• What the task requires: Omit all images, then repeat exactly the lines below from the one containing "Borsa Love One" through the one containing "CAJA CON BROCAS", both ends included.
########
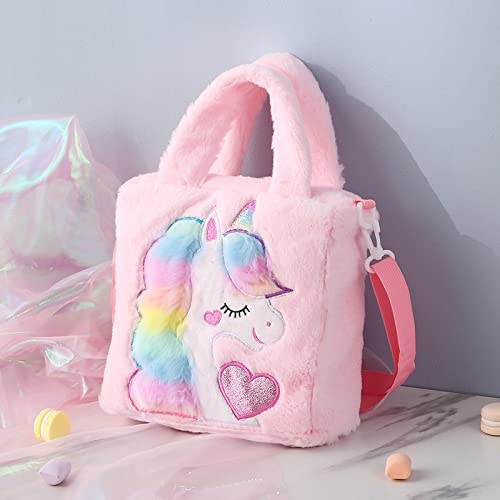 ADISA Unicorn Crossbody Bag for Girls - Cute Princess Toddler School Backpack, Birthday Gift for Kids (Perfect for School, Travel & Daily Use)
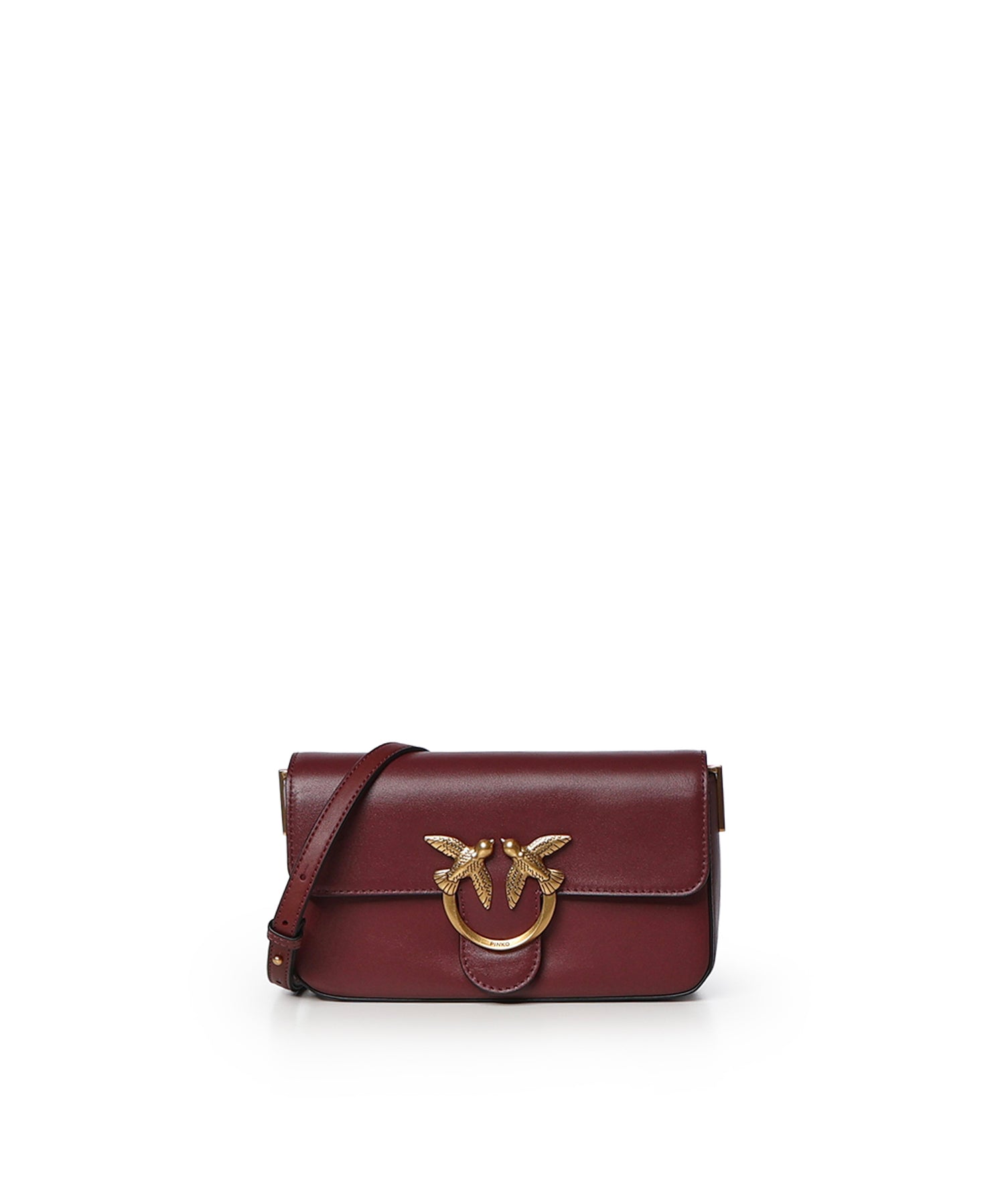 Borsa Love One Slouchy in pelle 107924 A2JGWW5Q PINKO 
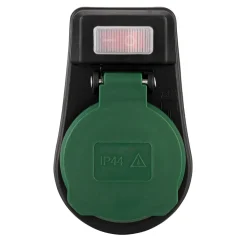 Außensteckdose mit Schalter IP44 schwarz/grün*REV Ritter Best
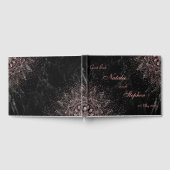 Livre D'or Confetti de mandala élégant et design en marbre (Complet)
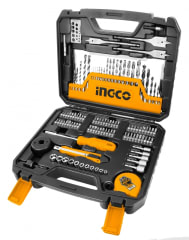 CAJA CON BROCAS Y DADOS, MAS ACCESORIOS MARCA INGCO CON UN TOTAL DE 118 PIEZAS #HKTACO 11182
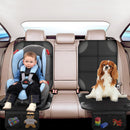 Axooms Car Seat Protector for Child Seat Pad, Pack of 2 ISOFIX Seat Protectors, Car Child Seat, Non-Slip and Waterproof with Thick Padding and 2 Mesh Pockets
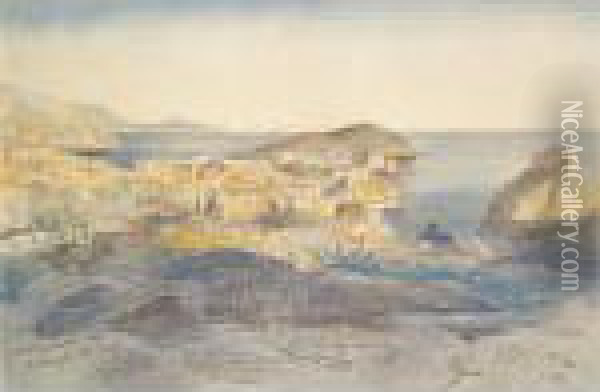 View Of Ragusa, Sicily Oil Painting - Edward Lear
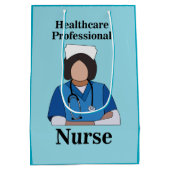 Nurse Nursing Healthcare Professional Medium Cadeauzakje (Achterkant)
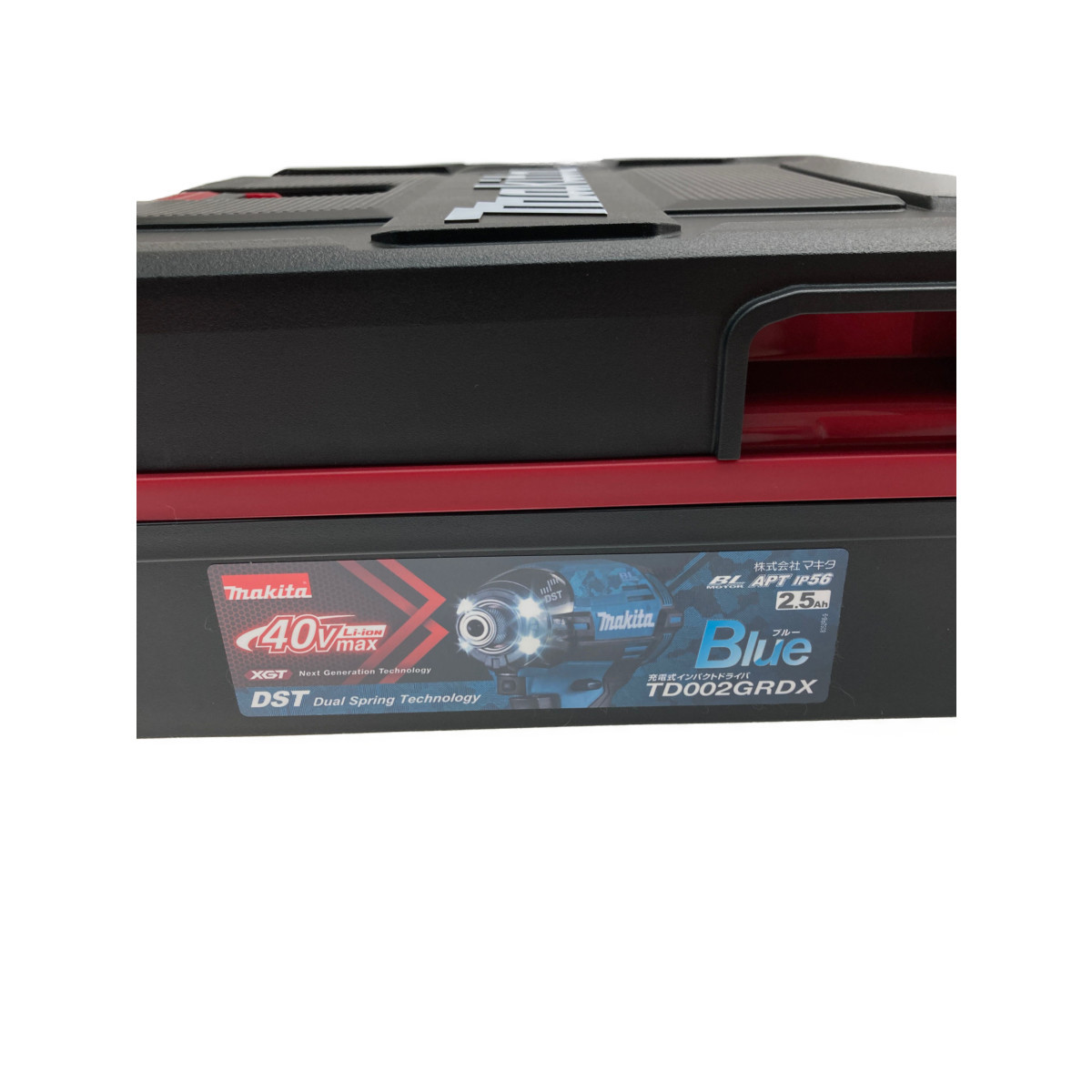 ●● MAKITA マキタ インパクトドライバ バッテリー×2個 充電器 付 TD002GRDX ブルー 未使用に近い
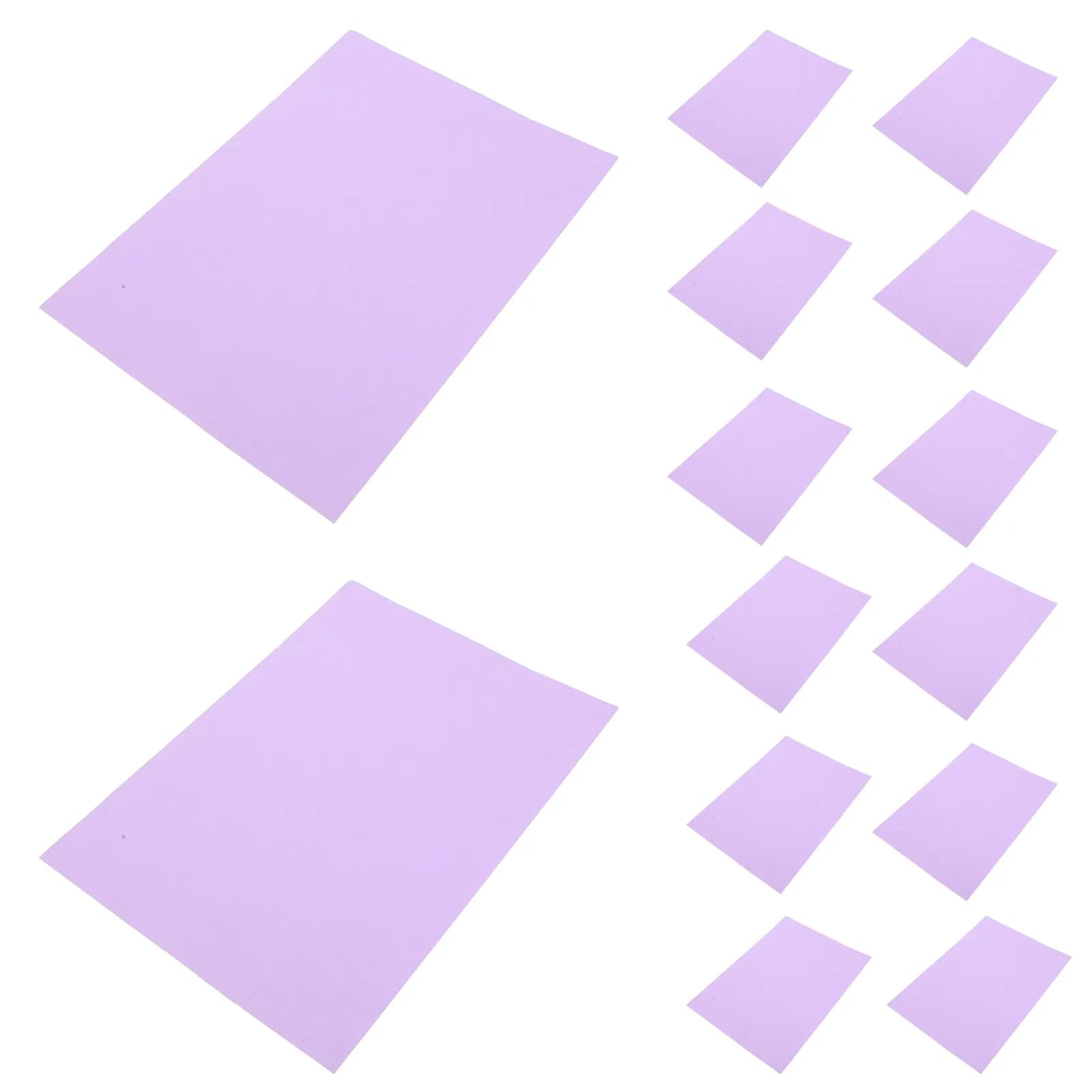 100Pcs Light Purple Cardstock Paper Vibrant Color Copy Paper for Printer Printing Painting Crafts Origami DIY Material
########
• Task output:
 Borsa Love One Slouchy in pelle 107924 A2JGWW5Q PINKO 
 Außensteckdose mit Schalter IP44 schwarz/grün*REV Ritter Best
 Livre D'or Confetti de mandala élégant et design en marbre (Complet)
 CAJA CON BROCAS Y DADOS, MAS ACCESORIOS MARCA INGCO CON UN TOTAL DE 118 PIEZAS #HKTACO 11182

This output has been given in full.